(GOAL OF THE EXERCISE) Everything from the line containing "Instant Pot Aura 10-in-1 Multi-Use - photo 2" through the last line of the data below should be set down exactly, and nothing else.

(DATA SECTION)
[Start of section]

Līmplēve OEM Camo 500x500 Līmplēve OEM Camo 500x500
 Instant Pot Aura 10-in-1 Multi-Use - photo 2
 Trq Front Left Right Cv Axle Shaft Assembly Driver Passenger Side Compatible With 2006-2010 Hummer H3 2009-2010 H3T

[End of section]

(TASK OUTPUT)
 Instant Pot Aura 10-in-1 Multi-Use - photo 2
 Trq Front Left Right Cv Axle Shaft Assembly Driver Passenger Side Compatible With 2006-2010 Hummer H3 2009-2010 H3T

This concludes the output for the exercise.